Napolitano: Obama’s Former AG Loretta Lynch Could Face 5-10 Years Behind Bars

loretta lynch jail

As the United States Senate is currently probing improper communication between Debbie Wasserman Schultz and Barack Obama’s former Attorney General Loretta Lynch, the famous Judge Andrew Napolitano claimed Monday on Fox News that the latter may end up being jailed for up to ten years if found guilty of misconduct.

If there’s hard proof about an improper email exchange between Loretta Lynch and former Democratic National Committee Chairwoman Debbie Wasserman Schultz, emails discussing the Hillary Clinton private-server investigation, Obama’s former attorney general is facing misconduct charges, i.e. she may end up with having to defend herself against misconduct while in public office.

And yes, that’s a serious felony which may land her up in jail for up to ten years, according to Judge Andrew Napolitano, a Fox News contributor. According to Judge Napolitano, but let’s quote the man himself:

“It is alleged, this document has not seen the light of day if it exists, that there are one or several emails between Debbie Wasserman Schultz and Loretta Lynch concerning the behavior that Loretta Lynch will take to further the DNC interests while Mrs. Lynch was attorney general,”

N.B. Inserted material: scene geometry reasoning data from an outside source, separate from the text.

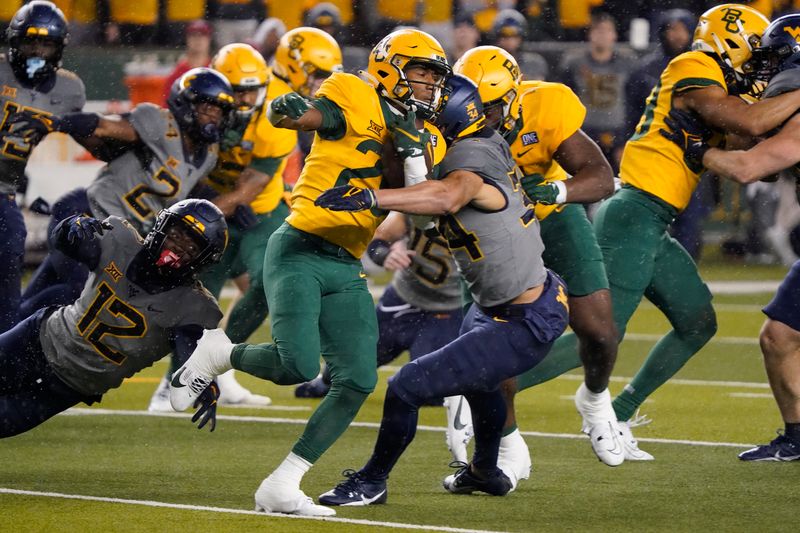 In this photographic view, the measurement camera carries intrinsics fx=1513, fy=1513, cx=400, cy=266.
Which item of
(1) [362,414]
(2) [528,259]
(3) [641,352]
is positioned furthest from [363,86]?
(3) [641,352]

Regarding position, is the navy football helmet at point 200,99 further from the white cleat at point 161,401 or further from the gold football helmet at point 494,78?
the gold football helmet at point 494,78

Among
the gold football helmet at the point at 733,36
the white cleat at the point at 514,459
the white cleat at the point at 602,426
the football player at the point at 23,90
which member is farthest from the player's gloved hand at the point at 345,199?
the football player at the point at 23,90

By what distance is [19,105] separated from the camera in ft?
25.6

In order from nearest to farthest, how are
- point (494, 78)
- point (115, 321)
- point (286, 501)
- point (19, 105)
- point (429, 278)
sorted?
point (286, 501)
point (115, 321)
point (494, 78)
point (19, 105)
point (429, 278)

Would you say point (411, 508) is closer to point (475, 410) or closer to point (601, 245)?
point (475, 410)

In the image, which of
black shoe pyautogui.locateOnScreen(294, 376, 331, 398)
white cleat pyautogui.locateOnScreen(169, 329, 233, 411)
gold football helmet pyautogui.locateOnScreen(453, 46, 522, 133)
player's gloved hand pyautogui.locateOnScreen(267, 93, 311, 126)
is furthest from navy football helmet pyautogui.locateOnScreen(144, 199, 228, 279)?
black shoe pyautogui.locateOnScreen(294, 376, 331, 398)

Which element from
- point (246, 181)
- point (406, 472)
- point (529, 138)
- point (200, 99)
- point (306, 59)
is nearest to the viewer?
point (406, 472)

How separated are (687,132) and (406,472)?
2009mm

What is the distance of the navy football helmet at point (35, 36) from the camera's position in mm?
7684

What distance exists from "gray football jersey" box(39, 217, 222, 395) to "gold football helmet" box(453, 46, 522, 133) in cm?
138

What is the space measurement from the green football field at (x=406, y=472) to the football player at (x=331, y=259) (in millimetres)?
381

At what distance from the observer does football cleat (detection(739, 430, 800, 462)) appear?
6.68 m

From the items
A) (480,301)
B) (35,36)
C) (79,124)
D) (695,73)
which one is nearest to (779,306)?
(695,73)

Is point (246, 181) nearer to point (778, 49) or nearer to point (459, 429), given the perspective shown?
point (459, 429) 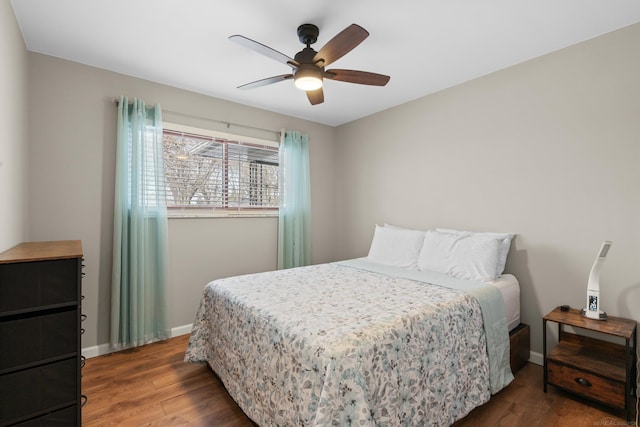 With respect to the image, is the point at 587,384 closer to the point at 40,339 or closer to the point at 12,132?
the point at 40,339

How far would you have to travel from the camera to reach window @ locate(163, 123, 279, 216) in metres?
3.04

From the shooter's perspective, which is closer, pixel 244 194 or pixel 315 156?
pixel 244 194

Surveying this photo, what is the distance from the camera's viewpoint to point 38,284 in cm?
139

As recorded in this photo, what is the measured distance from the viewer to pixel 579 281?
88.5 inches

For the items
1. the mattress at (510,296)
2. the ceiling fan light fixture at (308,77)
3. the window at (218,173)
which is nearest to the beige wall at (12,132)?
the window at (218,173)

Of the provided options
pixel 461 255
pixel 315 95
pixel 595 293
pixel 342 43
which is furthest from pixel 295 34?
pixel 595 293

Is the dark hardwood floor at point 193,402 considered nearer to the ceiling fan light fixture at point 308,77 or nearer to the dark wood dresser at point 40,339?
the dark wood dresser at point 40,339

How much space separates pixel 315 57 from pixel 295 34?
0.34 meters

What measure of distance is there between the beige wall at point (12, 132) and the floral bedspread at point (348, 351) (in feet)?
4.24

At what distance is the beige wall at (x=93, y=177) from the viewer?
2.38 meters

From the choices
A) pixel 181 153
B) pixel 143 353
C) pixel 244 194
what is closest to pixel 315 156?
pixel 244 194

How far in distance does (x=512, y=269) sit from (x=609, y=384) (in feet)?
3.18

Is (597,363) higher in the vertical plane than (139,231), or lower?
lower

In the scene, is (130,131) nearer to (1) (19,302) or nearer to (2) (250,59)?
(2) (250,59) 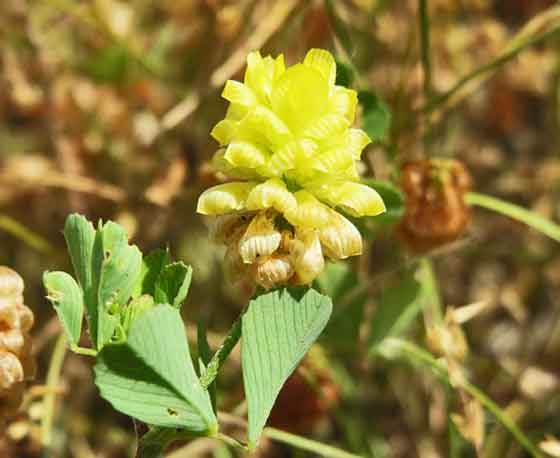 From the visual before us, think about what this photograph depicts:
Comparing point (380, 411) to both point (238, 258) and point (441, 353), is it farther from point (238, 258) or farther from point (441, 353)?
point (238, 258)

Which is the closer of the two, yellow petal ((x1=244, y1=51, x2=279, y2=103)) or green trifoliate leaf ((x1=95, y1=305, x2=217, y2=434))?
green trifoliate leaf ((x1=95, y1=305, x2=217, y2=434))

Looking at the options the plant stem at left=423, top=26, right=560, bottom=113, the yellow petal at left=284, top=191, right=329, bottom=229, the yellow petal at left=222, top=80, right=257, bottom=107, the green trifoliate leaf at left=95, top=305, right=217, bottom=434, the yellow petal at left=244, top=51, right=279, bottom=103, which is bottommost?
the green trifoliate leaf at left=95, top=305, right=217, bottom=434

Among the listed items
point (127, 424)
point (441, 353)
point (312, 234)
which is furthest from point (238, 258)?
point (127, 424)

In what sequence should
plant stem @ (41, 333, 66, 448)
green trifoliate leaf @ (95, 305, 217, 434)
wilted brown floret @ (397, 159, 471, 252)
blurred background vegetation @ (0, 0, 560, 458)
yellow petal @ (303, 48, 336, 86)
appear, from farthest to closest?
blurred background vegetation @ (0, 0, 560, 458), wilted brown floret @ (397, 159, 471, 252), plant stem @ (41, 333, 66, 448), yellow petal @ (303, 48, 336, 86), green trifoliate leaf @ (95, 305, 217, 434)

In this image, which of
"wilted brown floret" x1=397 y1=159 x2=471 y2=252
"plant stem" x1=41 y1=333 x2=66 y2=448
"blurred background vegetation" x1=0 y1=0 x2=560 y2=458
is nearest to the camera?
"plant stem" x1=41 y1=333 x2=66 y2=448

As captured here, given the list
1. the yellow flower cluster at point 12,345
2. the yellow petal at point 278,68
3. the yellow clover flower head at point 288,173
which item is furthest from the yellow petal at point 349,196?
the yellow flower cluster at point 12,345

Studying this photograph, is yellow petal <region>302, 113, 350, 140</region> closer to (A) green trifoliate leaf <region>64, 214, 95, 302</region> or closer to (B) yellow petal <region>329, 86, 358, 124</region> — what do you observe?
(B) yellow petal <region>329, 86, 358, 124</region>

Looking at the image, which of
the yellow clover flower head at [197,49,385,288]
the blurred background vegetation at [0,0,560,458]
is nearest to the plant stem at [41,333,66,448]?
the blurred background vegetation at [0,0,560,458]

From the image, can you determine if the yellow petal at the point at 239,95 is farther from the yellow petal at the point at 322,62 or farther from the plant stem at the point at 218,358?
the plant stem at the point at 218,358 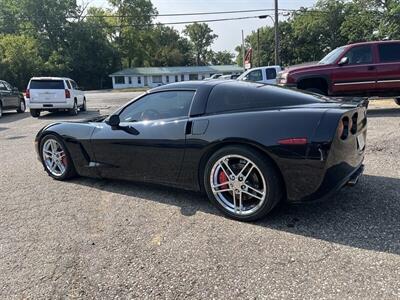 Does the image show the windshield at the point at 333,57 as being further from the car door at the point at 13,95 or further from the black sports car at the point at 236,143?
the car door at the point at 13,95

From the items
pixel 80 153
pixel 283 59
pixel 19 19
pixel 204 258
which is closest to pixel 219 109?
pixel 204 258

“It’s a felony. Depending upon exactly what they charged her with, it could be five or 10 years in jail. It’s very serious. It’s the equivalent of obstruction of justice. It’s the same allegation they are making about the president.”

Loretta Lynch was formally warned by by Senator Chuck Grassley via a letter last Thursday about the Senate investigation into her conduct while she was serving as Obama’s AG. Also, she was asked about her relations with Debbie Wasserman Schultz:

“During your time in the Justice Department, did you ever have communications with Rep. Wasserman Schultz, her staff, her associates, or any other current or former DNC officials about the Clinton email investigation?”

reads the official letter. Senator Chuck Grassley’s inquiry comes in the aftermath of former FBI director James Comey’s testimony in front of a Senate Committee, during which he said he felt “queasy” after being asked by Loretta Lynch to refer to the FBI investigation into Hillary Clinton’s email server as a matter rather than a criminal investigation. Judge Napolitano explained:

This “terminology may be indicative of a mindset on the part of Attorney General Lynch that she was going to do whatever she could to prevent Mrs. Clinton from getting indicted.”